1) Broad categorization works best.
Online we talk about TAG, LAG, LP, etc etc etc along with VPIP and all that. Ignore all that. At 1/2 live you've got two big categories to look at: Recreational and serious. Within an orbit at the player, usually by looking at people and watching them play, but often times just looking at people is enough, you can predict how they think.
Recreational players: Either passive (tend to be older, or just very new to the game) - they don't speak "bet size" so you can steal a lot of pots or make marginal calls with less equity. OR aggressive (tend to be Italian and grumpy, or semi-wealthy looking business folks out to get the edge out). These guys bluff too much. Give them reason to try a bluff, and they will. They also call without considering "relative hand strength" - so if you think they're strong but you have stronger no need to trap!
Serious: I guess this is me, but I try not to fit the stereotypes. These guys have on excessive swag (headphones, shades, "poker mode" demeanor). Think of basic TAG play, and they will usually do that. These guys tend to be tougher to play against overall though. Respect their pre-flop action and focus on playing hands, strong or speculative, with position.

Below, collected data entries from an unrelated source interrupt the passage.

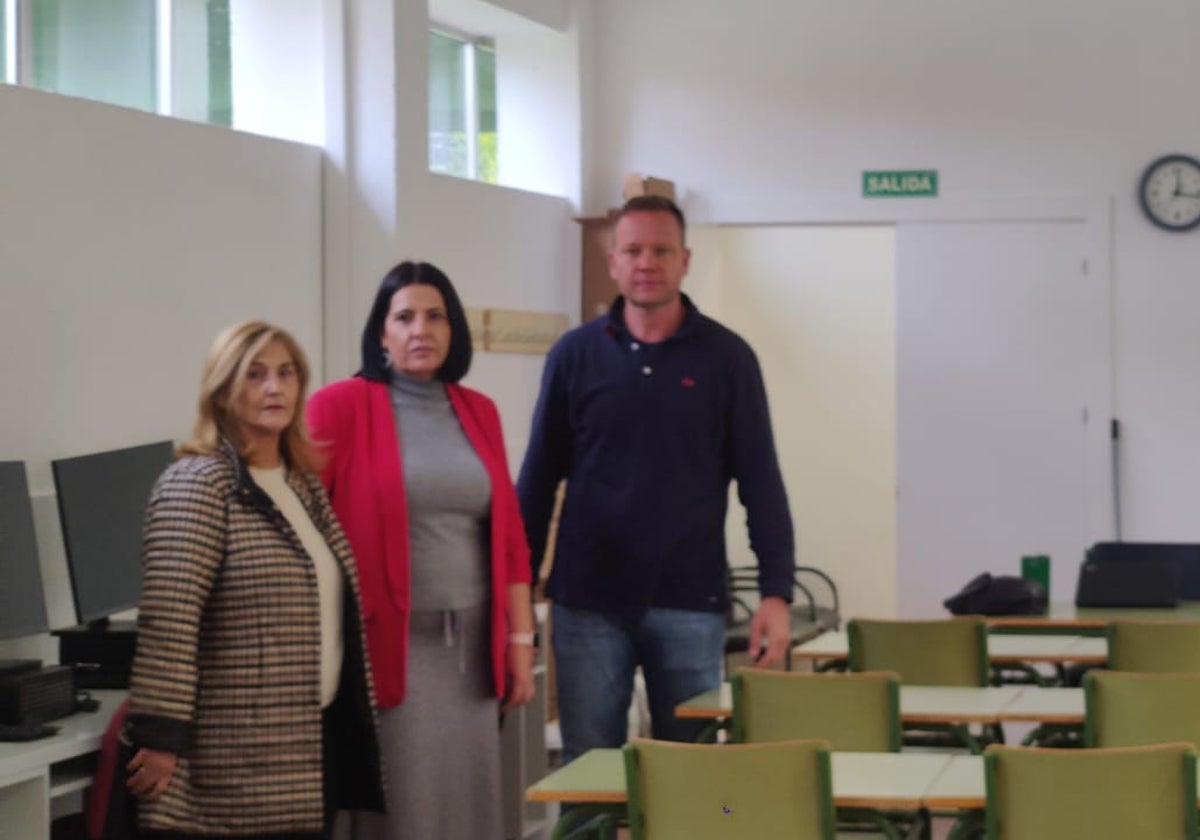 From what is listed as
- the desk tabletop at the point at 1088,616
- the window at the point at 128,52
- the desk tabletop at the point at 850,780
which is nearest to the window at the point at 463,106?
the window at the point at 128,52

Limping: Overlimp A LOT, open limp like never. I'm playing an obscene amount of hands live. There's so much limping I'm always getting good odds to see a flop. You'll hit weird hands but when you do there's enough other players that you'll get someone along for the ride. Just be wary that top pair good/top kicker is not good by the river very often. Protect that hand. Take it on the flop or turn. Slow playing and stringing people along with anything less than a solid two pair is going to go badly, and even two pair you need to feel out the board.
Set mining: Yup, still works. Really well.
UTG: Play SUPER SUPER TIGHT. With 9 people behind, you're getting callers. AJo or less is a fold. AK, AQ, AJs, ATs, or PP. No one is watching you for table image like that so chuck that 78s shit out the window.
Late Position: Play LOOSE. Widen the range as much as you can get away with. Put in good size raises too. 78s with three limpers in front of me I'm happy to raise up to $14. All those limpers are going to fold, unless someone calls ahead of them. Either going to take the pot with a speculative hand pre flop, or go into the flop multi-way in position with something that will either miss or hit big. It's worth it.
3-Bet range: Do it by the book. Any early raiser is not folding to a three bet unless they're a "serious" player. Recreational players you are getting value, serious players will react by the book so you are getting information.
Image: Free pass. You're at a $1/2 table. Everyone thinks everyone is bluffing. You don't need to earn your image with reckless bluffs. Get in one or two bluffy looking bets and the whole table assumes you are a nut job. Easy, go get value.
So I went to playing live a couple months back. Live, the lowest table for NL is $1/2. $1/2 online is fairly difficult stakes - you're rarely going against people who don't know a little something about the game. Live however, there's a huge mix. Having NOT played live in a while I lost pretty big my first couple goes, but then I adjusted a bit and I'm sitting pretty comfortably at around $50/hr WR.
I'm not a super pro or anything, so take my advice with a grain of salt. I'm just going to lay out some of the strategies that have been working for me.
1) Broad categorization works best.
Online we talk about TAG, LAG, LP, etc etc etc along with VPIP and all that. Ignore all that. At 1/2 live you've got two big categories to look at: Recreational and serious. Within an orbit at the player, usually by looking at people and watching them play, but often times just looking at people is enough, you can predict how they think.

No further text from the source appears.